Antes da resposta, é prudente perguntarmos o que entendemos por pensar.

Com certa freqüência usamos expressões como “meus alunos não sabem pensar”; “pense um pouco que você resolverá o problema”, “se tivesse pensado não teria feito isso”; “penso em um mundo melhor”.

O que queremos dizer com cada uma dessas expressões?

Quando digo “penso em mundo melhor”, talvez queira me referir à capacidade do pensamento de imaginar novas possibilidades, de criar e ultrapassar as fronteiras do conhecido ou mesmo do estabelecido. Neste sentido, pensar está intimamente ligado à capacidade humana de fazer novas relações.

Quando digo “se tivesse pensado não faria isso” refiro-me ao pensamento capaz de modificar as ações, refiro-me a uma outra face do pensar: aquela capaz de avaliar, ou melhor, de produzir juízos acerca dos fatos, relações e ações. A capacidade de avaliar, julgar e produzir juízos permite a retomada dos procedimentos do pensar e, conseqüentemente, a modificação de nossas atitudes, conhecimentos ou mesmo conceitos.

Quando digo “pense um pouco que você resolverá o problema” refiro-me a um pensamento capaz de ordenar, organizar os dados disponíveis e aplicá-los a novas experiências. Trata-se da capacidade de raciocínio partindo de dados ou informações disponíveis poder extrair novas informações derivadas do que já conhecemos. O raciocínio nos permite ampliar nosso conhecimento.

Mas o quero dizer quando afirmo que “os alunos não sabem pensar”?

O que, então, estaria em jogo nesse tipo de afirmação?

Seria possível afirmar que alguém não pensa?

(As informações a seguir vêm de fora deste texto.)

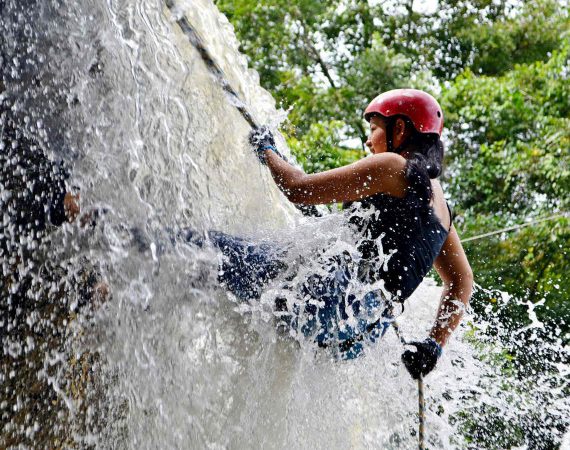 Belize waterfall rappelling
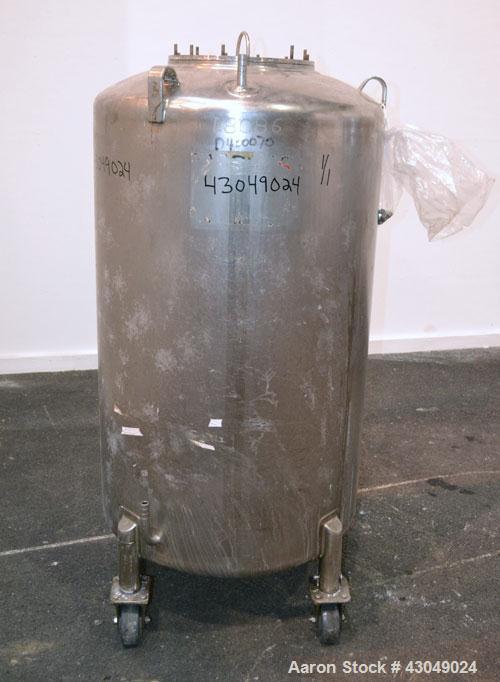 Used DCI Pressure Tank, 150 Gallon, 316L Stainless Steel, Vertical. 30’’ Diameter x 44’’ straight side, dished top and bottom. Internal rated 25 psi at 200 degrees F. Openings: top 12’’ manway with c...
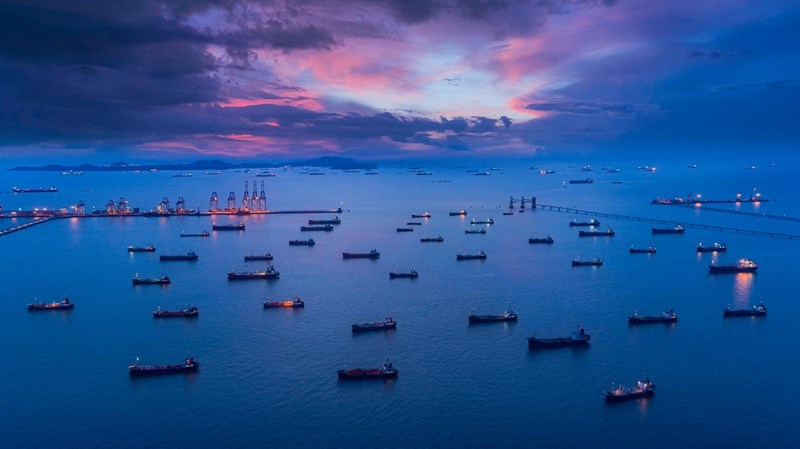 Aerial view Oil ship tanker park on the sea at dusk with beautiful sky waiting for load/unload oil from refinery for transportation.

Imaginemos duas cenas bastante corriqueiras:

Primeira cena - Tenho no berço um bebê que não sabe ainda falar, mas chora e muito. Toda vez que ele chora o alimento, troco as fraudas ou simplesmente o acalanto em meus braços. Rapidamente ele “descobre” que o choro gera atenção e cuidado e, conseqüentemente, “descobrimos” que o bebê não mais apenas chora quando tem dor, fome, ou está molhado.

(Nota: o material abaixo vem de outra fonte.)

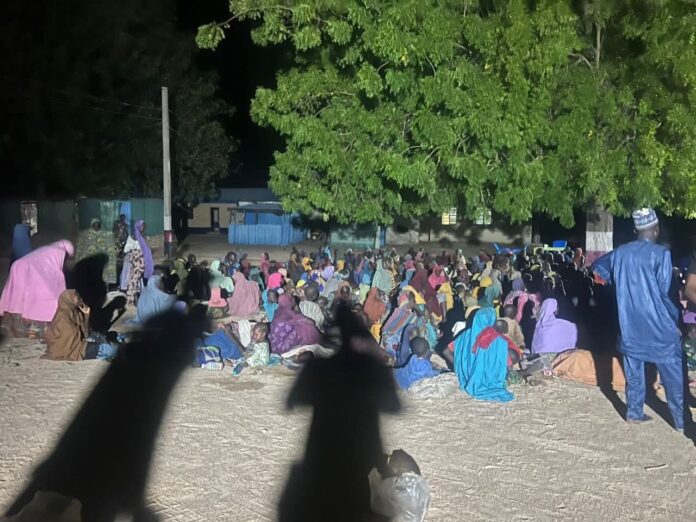IMG_6581 Large crowd seated on the dusty ground at night under a big tree, colorful clothing, likely a community gathering or meeting.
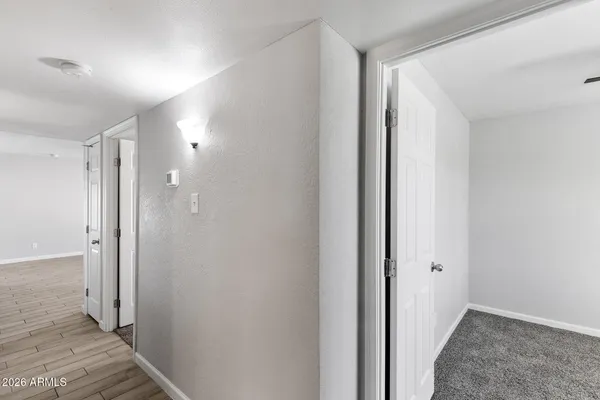 a view of a bathroom with a glass door and shower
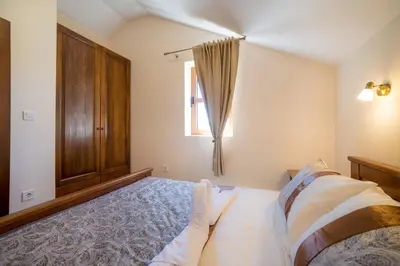 a bedroom with a bed and a wooden cabinet at Villa Old Castle Apartments in Kotor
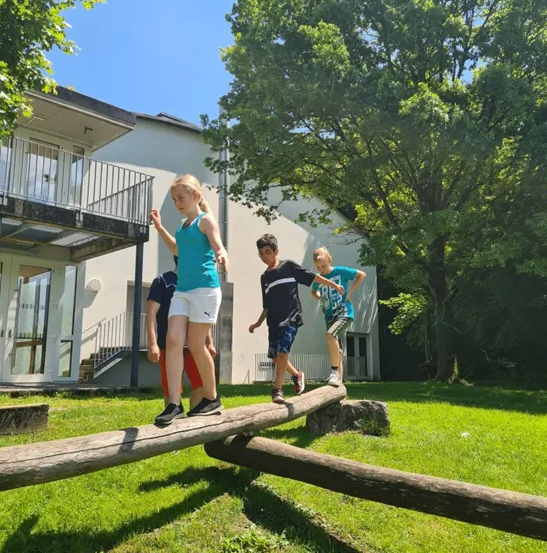 Drei Kinder spielen auf einem Baumstamm-Balancierbalken in einem Grasbereich, mit einem Gebäude und Bäumen im Hintergrund.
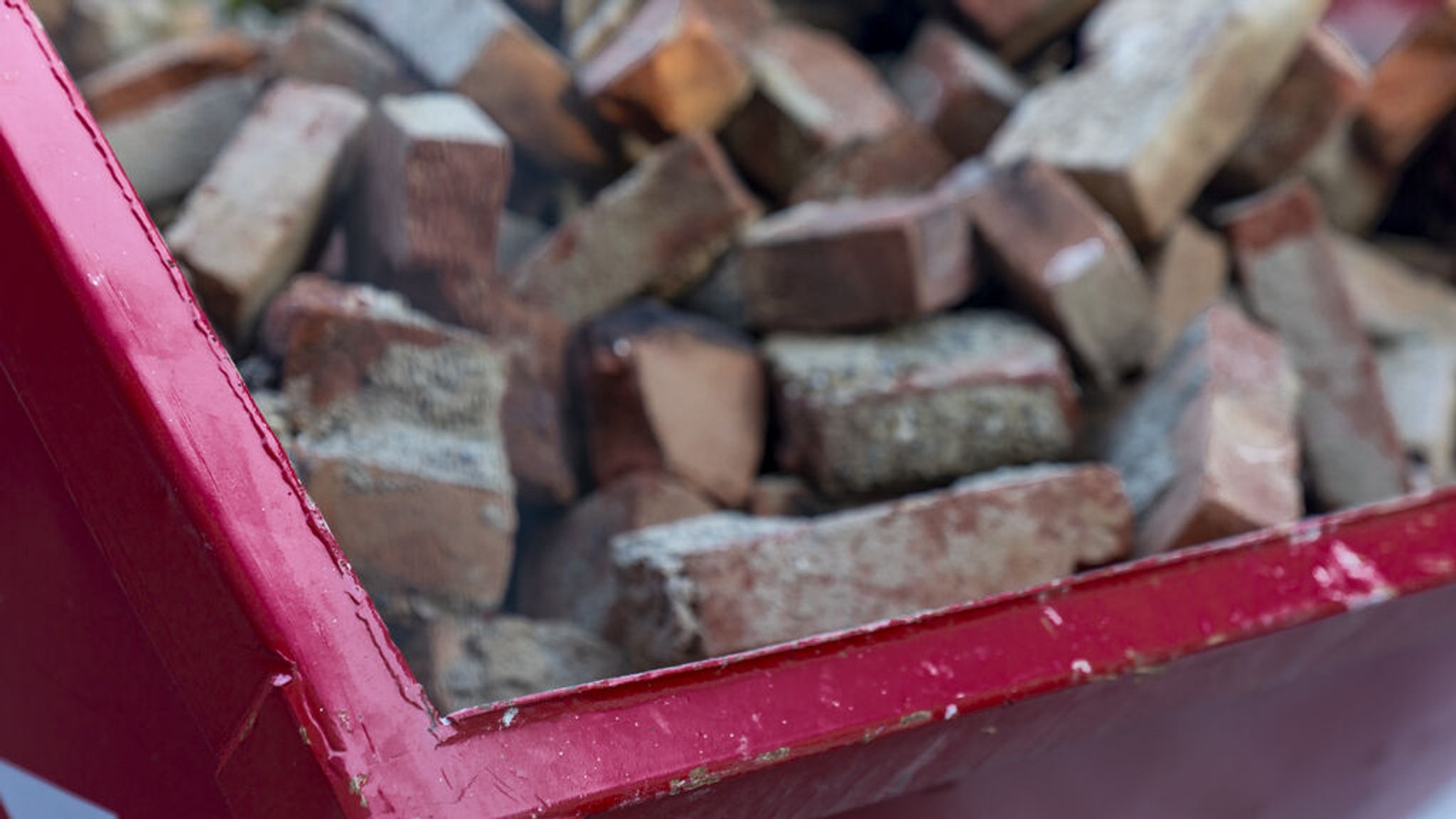 Ein roter Container gefüllt mit Bauschutt.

Segunda cena - Uma criança ainda pequena recebe um doce após as refeições. Observa atentamente aonde o doce é guardado: em uma lata em cima de um armário. Resmunga, aponta a lata, chora e vê seu pedido não atendido. Percebe que em cima da cadeira consegue alcançar objetos que de outra forma não conseguiria e, de repente, nos surpreendemos com a cadeira colocada perto do armário e a criança em cima dela com a ponta dos pés, puxando a lata.

Essas duas cenas revelam que a capacidade de fazer relações, inferir, fazer analogias, simbolizar se desenvolve mesmo antes que os pequenos seres humanos tenham dominado a linguagem. Sabemos que nossa capacidade de pensar se desenvolve diante de nossa necessidade de agir e interagir com o outro. Mas, o que estaria por trás da afirmação “os alunos não sabem pensar”? Estaríamos nos referindo à capacidade de criar, de avaliar, de ordenar dados e aplicá-los em novas situações?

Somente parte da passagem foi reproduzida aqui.